Hi,
I think there is a typo in the description of the Forget gate.
- If a single value in \mathbf{\Gamma}_f^{\langle t \rangle} is 0 or close to 0, then the product is close to 0.
- This keeps the information stored in the corresponding unit in \mathbf{c}^{\langle t-1 \rangle} from being
remembered forgotten for the next time step.
- Similarly, if one value is close to 1, the product is close to the original value in the previous cell state.
- The LSTM will keep the information from the corresponding unit of \mathbf{c}^{\langle t-1 \rangle}, to be used in the next time step.
So, I think instead of “remembered” should be forgotten (or a similar word which emphazises that the information shouldn’t be remembered).
Am I right?
Henrikh
But \Gamma_f is the “forget” gate, right? If the value is close to 0, then it encourages the state to be forgotten.

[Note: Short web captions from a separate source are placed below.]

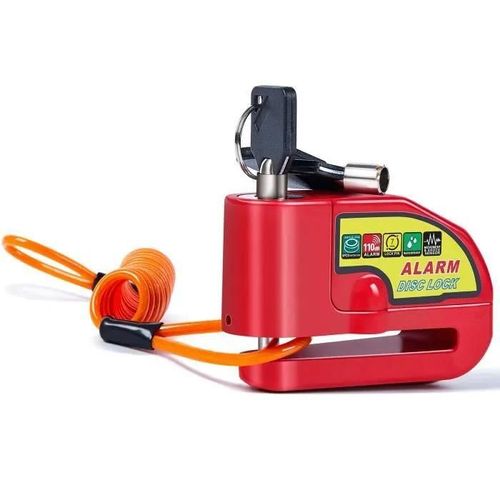 2 Pcs Bloc Disque Alarme Antivol Moto Bloque Disque Scooter Lock Alarme Antivol Vélo De 110db Sans Câble De Rappellot De 2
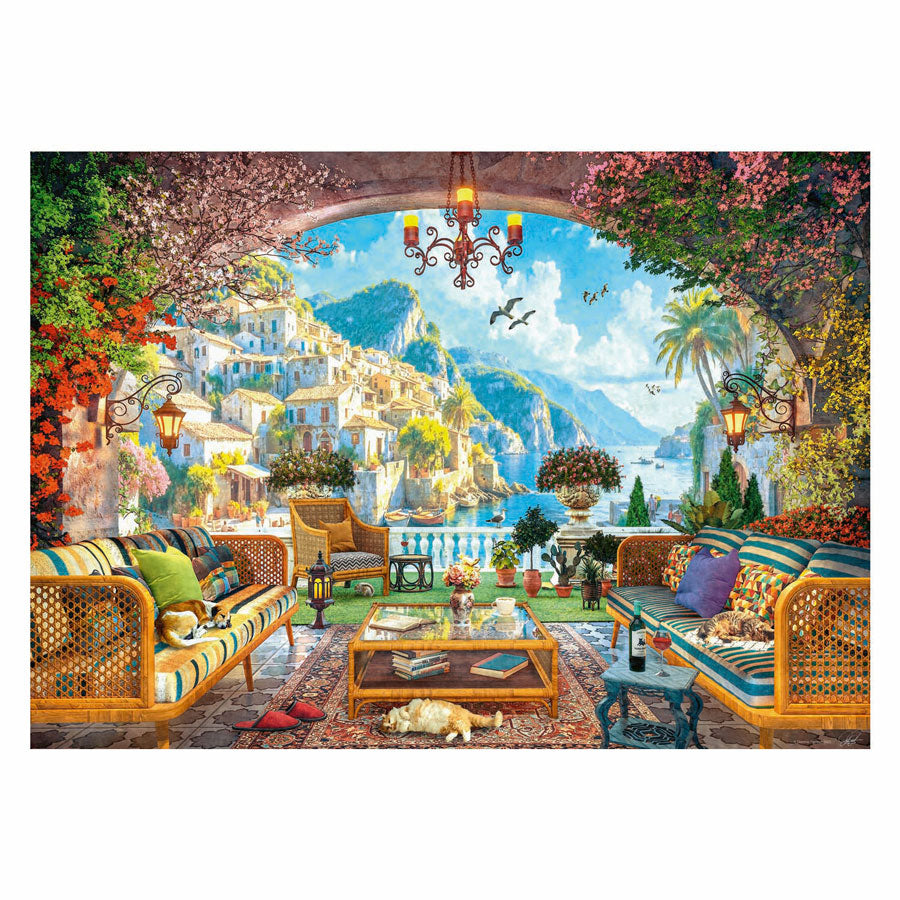 Ravensburger Puzzle Mittelmeer Terrasse Ansicht 1000 Stücke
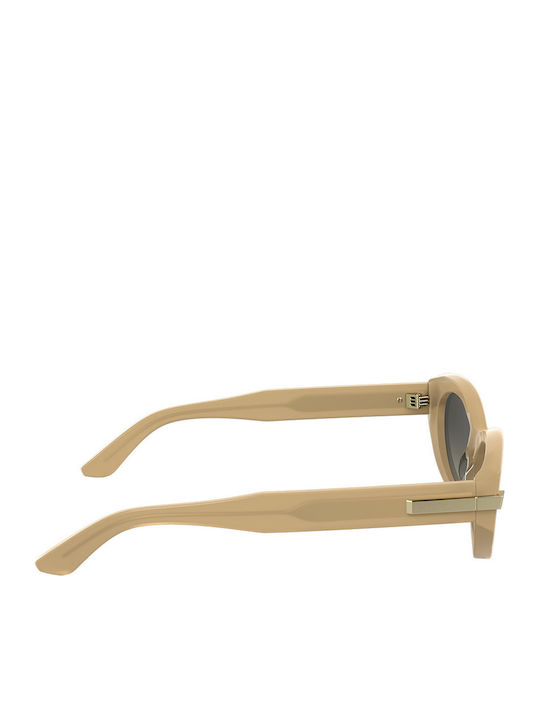 Calvin Klein Women's Sunglasses with Beige Horn-Rimmed Frame and Grey Gradient Lenses CK25502S 209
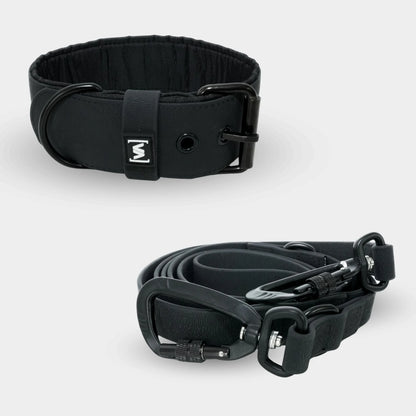 Bundle Aqua Edition Black Set - Collar + 2.2m triple adjustable Dog Leash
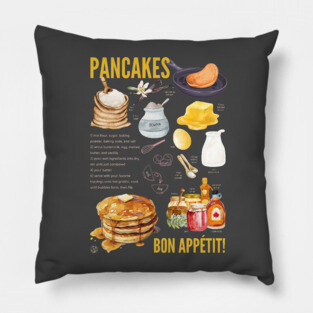 Pancakes Recipe - Breakfast Lover’s Print Pillow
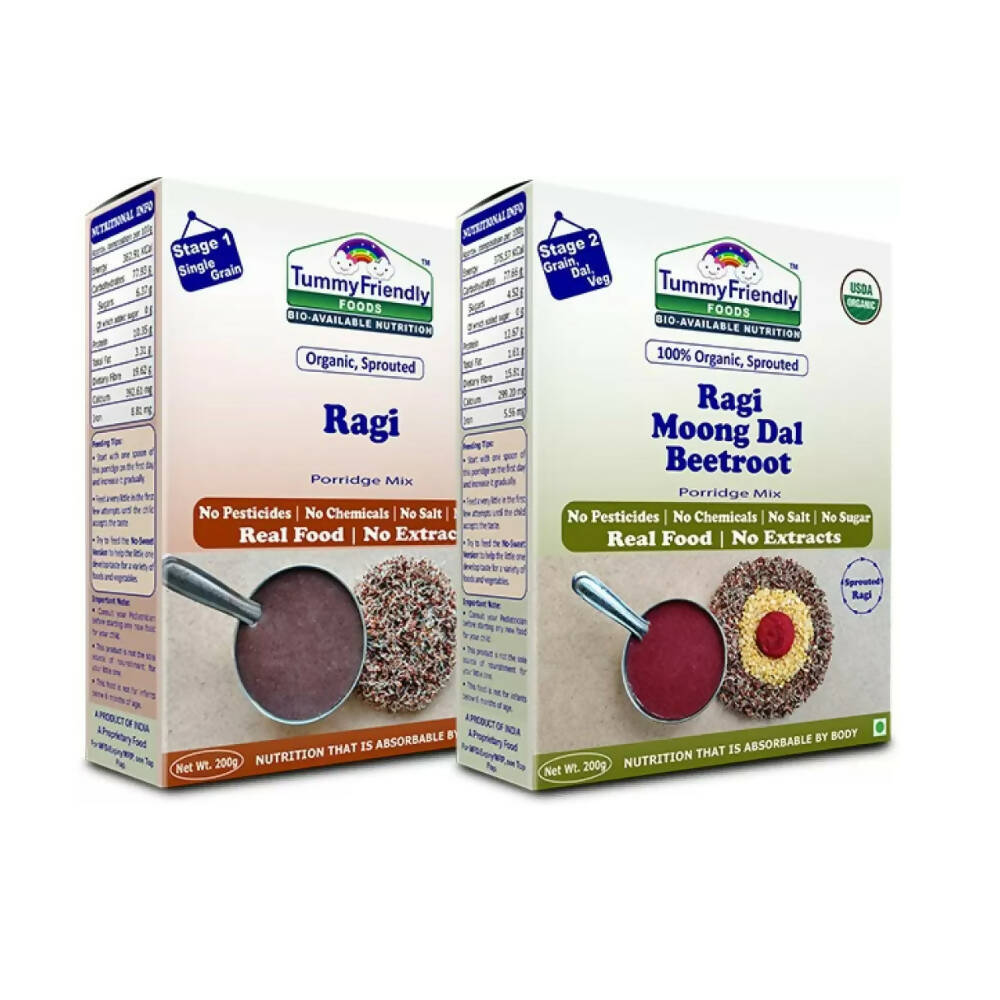 TummyFriendly Foods Organic Sprouted Ragi and Organic Sprouted Ragi, Moong Dal, Beetroot Porridge Mixes Combo, Australia, Canada 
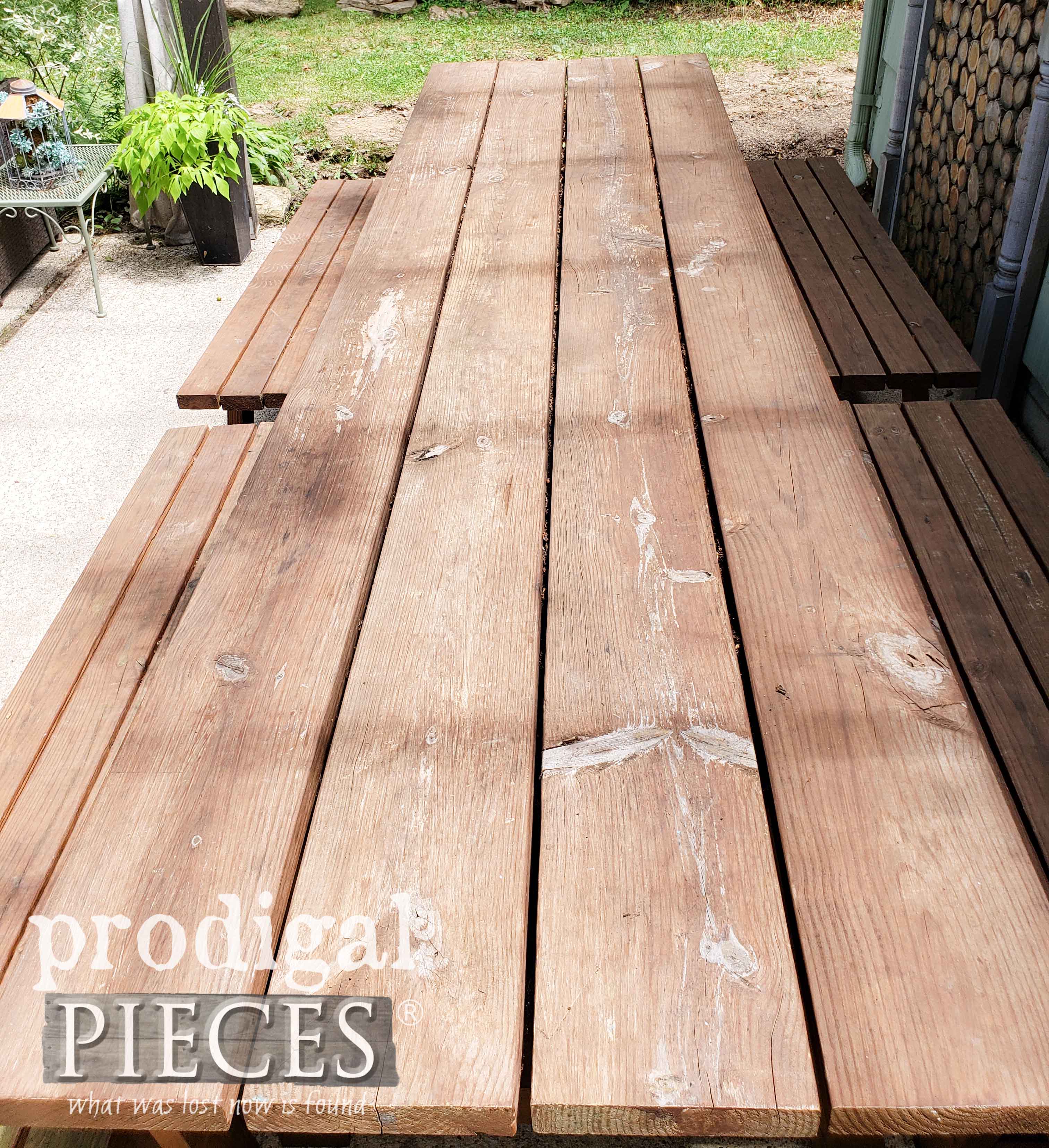 Faded & Worn Picnic Table Top Before Makeover by Prodigal Pieces | prodigalpieces.com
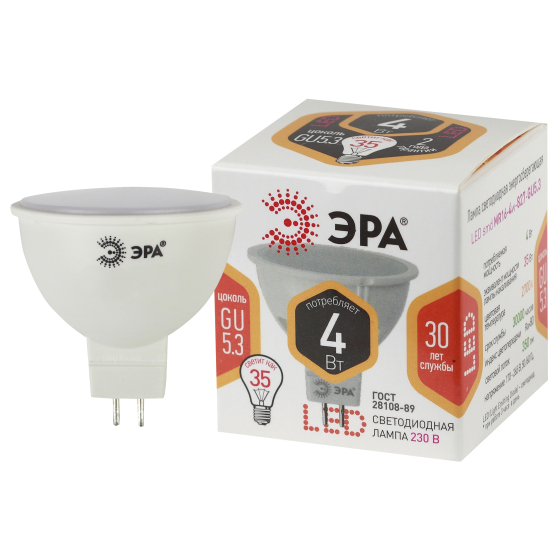 Лампа светодиодная ЭРА STD LED MR16-4W-827-GU5.3 GU5.3 4Вт софит теплый белый свeт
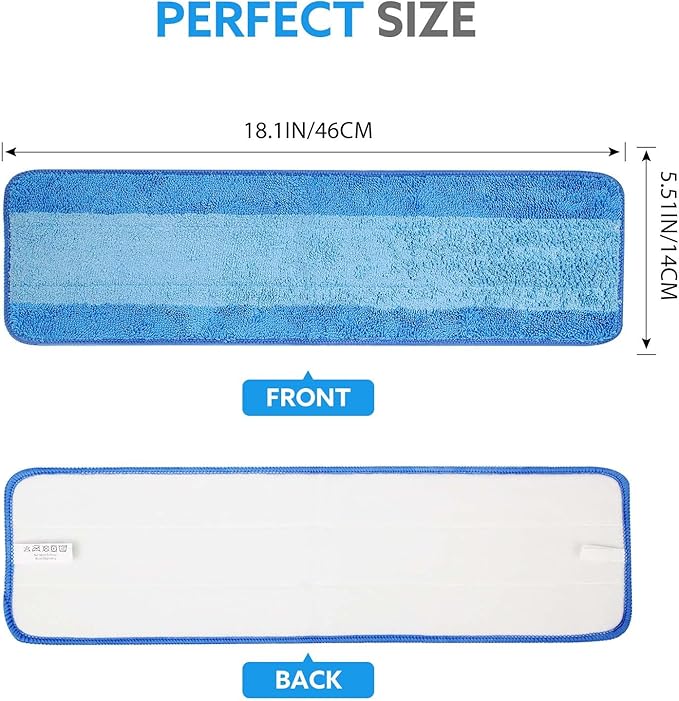 6 Pack Microfiber Cleaning Pads are Compatible with Bona Mop,18 Inch Replaceable Mop Pad Refill,Washable & Reusable Blue Microfiber Mop Pads for Hardwood and Hard-Surface Floors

But, if a unit in \mathbf{\Gamma}_f^{\langle t \rangle} is close to 0, than the corresponding unit in the cell state \mathbf{c}^{\langle t-1 \rangle} will be multiplied by that unit and would have smaller contribution to the cell state \mathbf{c}^{\langle t \rangle}:
\mathbf{c}^{\langle t\rangle}=\Gamma_{f}^{\langle t\rangle} * \mathbf{c}^{\langle t-1\rangle}+\Gamma_{i}^{\langle t\rangle} * \tilde{\mathbf{c}}^{\langle t\rangle}
So, the corresponding unit in the cell state \mathbf{c}^{\langle t-1 \rangle} should be forgotten. This is why I don’t understand the use of word remembered in the description.
Or maybe I am completely lost 
Henrikh
Please read the relevant sentence again. Being multiplied by a number close to zero prevents the state from being remembered. Which is equivalent to saying “makes it more likely to be forgotten”. Maybe I could go out on a limb here and conjecture that English is not your native language …
Less likely to be remembered is the same as being more likely to be forgotten, right?
Yes indeed. You are right. I missed the preposition “from”. Now everything is clear to me.
Thanks